Independence Realty Trust Announces Management Internalization
September 27 2016 - 6:40AM
Business Wire
Independence Realty Trust, Inc. (“IRT”) (NYSE:IRT) today
announced that it has entered into a definitive agreement with RAIT
Financial Trust (“RAIT”) (NYSE: RAS) with respect to the
internalization of IRT’s external management arrangements (the
“Internalization”) and separation from RAIT and certain of RAIT’s
affiliates.
The Internalization will consist of two parts: (i) the
acquisition of IRT’s external advisor, which is a subsidiary of
RAIT, and (ii) the acquisition of certain assets and the assumption
of certain liabilities relating to the multifamily property
management business of RAIT, including property management
contracts relating to apartment properties owned by IRT, RAIT and
third parties. The purchase price for the Internalization is $43
million, subject to certain prorations at closing.

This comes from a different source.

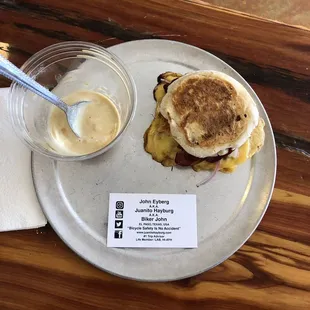 Interior: ¡good eats/drink to keep me going!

Upon closing of the Internalization, each of Scott F. Schaeffer,
IRT’s Chief Executive Officer, Farrell Ender, IRT’s President, and
James J. Sebra, IRT’s Chief Financial Officer, are expected to
enter into employment agreements with IRT. Messrs. Schaeffer and
Ender are expected to become employees of IRT upon closing. Mr.
Sebra is expected to remain the CFO of RAIT until the later to
occur of March 31, 2017 or the filing of RAIT’s Form 10-K for the
fiscal year ending December 31, 2016 with the U.S. Securities and
Exchange Commission. In addition, more than 400 current employees
of RAIT and the property manager are expected to become employees
of IRT.
"It is the right time in IRT’s evolution to internalize
management. This transaction represents an important milestone for
the company. It maintains continuity of our management team, while
providing strategic, operational and financial benefits that will
enhance shareholder value,” stated Robert McCadden, Chairman of the
IRT special committee.
The Internalization is expected to close on or before December
31, 2016, subject to certain conditions including, but not limited
to, completion of an equity offering, receipt of certain
third-party consents and entry into employment agreements with the
executives named above.
In addition, IRT has agreed to repurchase up to all of the
approximately 7.3 million shares of IRT common stock owned by
certain of RAIT’s subsidiaries, subject to market conditions.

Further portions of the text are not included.